Cheesy Irish dancers and backing singers swaying their arms to the beat is beyond tacky.
Adapt or die. It’s true to life, and it’s true to Eurovision.
We all have a laugh at this show – it can be cheesy, tacky and downright bizarre.
However as a nation we take our success or failure very personally, and rightly so – we have an incredibly strong musical pedigree.
I had the great pleasure of several conversations with Marty Whelan last year in Malmo, discussing whether Ireland could host the competition should we win.
His answer was a resounding yes - that in fact many of the people involved in Ireland’s organisation of the show in 1990s were still around in RTE.
And here lies the problem.
The show has moved on dramatically from what it was in our glory days.
It is the greatest entertainment show in the world, and has shown itself to be dynamic and adaptable to modern trends.
RTE, however, have not.
What worked in the 1990s no longer works in this competition.
We have two options; we can whinge about how the goalposts have been moved and how we don’t like it, or we can adapt to the modern competition.
We are an immensely talented race musically, and we proved that during the 90s.
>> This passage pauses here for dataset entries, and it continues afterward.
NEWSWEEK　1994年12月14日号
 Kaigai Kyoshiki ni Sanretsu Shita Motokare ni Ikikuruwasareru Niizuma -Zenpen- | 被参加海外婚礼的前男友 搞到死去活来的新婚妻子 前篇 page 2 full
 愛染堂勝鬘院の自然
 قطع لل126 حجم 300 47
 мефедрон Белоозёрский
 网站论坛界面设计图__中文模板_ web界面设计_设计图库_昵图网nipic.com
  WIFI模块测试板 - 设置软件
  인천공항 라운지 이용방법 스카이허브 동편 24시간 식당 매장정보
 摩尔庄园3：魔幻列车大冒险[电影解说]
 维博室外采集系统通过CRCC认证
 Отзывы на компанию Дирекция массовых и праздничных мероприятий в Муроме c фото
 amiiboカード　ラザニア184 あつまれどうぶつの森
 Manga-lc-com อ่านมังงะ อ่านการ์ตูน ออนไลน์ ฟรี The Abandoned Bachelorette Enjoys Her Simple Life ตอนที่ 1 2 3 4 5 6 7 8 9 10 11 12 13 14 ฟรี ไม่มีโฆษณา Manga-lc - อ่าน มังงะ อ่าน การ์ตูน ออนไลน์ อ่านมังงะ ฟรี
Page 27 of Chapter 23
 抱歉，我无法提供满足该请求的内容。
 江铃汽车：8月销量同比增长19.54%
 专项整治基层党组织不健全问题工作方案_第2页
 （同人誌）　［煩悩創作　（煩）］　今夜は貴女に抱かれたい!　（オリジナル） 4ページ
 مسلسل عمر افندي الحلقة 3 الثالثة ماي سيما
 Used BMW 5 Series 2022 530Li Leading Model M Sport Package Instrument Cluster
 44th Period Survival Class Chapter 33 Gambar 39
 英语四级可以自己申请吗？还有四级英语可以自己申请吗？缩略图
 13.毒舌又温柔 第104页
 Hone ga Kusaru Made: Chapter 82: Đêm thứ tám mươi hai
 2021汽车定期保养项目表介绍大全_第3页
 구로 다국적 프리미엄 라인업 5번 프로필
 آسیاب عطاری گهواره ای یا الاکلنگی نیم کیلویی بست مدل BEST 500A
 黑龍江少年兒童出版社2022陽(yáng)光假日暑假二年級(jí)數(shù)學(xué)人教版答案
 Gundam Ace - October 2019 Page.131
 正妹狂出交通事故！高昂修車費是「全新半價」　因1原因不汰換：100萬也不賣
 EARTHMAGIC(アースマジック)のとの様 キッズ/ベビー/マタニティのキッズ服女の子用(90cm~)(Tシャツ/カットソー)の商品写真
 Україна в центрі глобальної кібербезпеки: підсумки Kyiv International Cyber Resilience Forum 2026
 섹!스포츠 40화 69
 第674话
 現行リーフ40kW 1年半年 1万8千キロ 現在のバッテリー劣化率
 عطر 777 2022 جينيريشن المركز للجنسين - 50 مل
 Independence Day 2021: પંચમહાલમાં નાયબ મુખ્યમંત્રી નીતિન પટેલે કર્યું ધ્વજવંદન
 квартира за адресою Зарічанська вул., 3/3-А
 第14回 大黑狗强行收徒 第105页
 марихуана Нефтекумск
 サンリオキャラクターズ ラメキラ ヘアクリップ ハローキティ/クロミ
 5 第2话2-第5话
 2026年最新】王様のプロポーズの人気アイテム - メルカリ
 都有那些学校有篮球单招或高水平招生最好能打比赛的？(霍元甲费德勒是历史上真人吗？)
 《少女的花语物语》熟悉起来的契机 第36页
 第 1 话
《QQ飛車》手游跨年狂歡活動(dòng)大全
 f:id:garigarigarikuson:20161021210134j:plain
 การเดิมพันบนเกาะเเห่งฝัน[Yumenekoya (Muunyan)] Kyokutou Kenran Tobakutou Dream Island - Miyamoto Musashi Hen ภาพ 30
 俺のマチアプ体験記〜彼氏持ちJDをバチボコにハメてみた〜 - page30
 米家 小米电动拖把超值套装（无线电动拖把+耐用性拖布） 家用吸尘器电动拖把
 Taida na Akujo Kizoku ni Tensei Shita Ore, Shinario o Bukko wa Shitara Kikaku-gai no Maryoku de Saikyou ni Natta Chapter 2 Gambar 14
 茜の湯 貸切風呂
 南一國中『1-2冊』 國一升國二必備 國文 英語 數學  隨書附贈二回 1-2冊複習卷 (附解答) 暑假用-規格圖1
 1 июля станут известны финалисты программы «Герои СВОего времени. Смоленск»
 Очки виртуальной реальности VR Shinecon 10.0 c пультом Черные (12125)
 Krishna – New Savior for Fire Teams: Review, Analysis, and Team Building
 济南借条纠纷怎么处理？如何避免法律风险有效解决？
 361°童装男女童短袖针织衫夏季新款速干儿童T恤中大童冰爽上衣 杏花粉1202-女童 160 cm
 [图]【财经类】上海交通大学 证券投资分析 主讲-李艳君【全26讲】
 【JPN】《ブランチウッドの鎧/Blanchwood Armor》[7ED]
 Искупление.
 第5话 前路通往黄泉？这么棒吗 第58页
We can prove it again.
There would appear to be a fear of risk taking in RTE, and an adherence to the ‘Eurovision rule book’.
The rulebook was written by us in the latter part of the 20th century and we proved masters of it.
Eurovision has changed now. There is no rule book. There is no set formula for what works and what doesn’t. Those who take risks triumph.
Germany won in 2010, yet finished last just two years previously – because they take risks.
Sweden didn’t make the final in 2010, yet in 2012 ‘Euphoria’ proved the most commercially successful Eurovision winner this century.
Failure should not mean we try to conform; it should encourage us to set our own path.
Netherlands failed to qualify for nine years in a row until last year, when they sent a completely different stripped back performance and cracked the top ten.
They have done the same this year and may well win the whole competition for it.
RTE still seem to be scared by our failures in this competition since the turn of the century.
We took a huge risk with Dustin in 2008 and it blew up in our faces.
However, we also took a huge risk with Jedward in 2011 and it proved our most successful entry in a decade.
We have to stop selecting what we think is ‘Eurovisiony’ and start selecting good original Irish talent again.
We shouldn’t try to follow Eurovision trends, we should once again try to set the trend.
Kasey and a good song suffered from a dreadfully staged performance, however hopefully this failure will not be in vain.
It should serve as a much needed wake-up call to RTE, that if we ever want to win again we must adapt.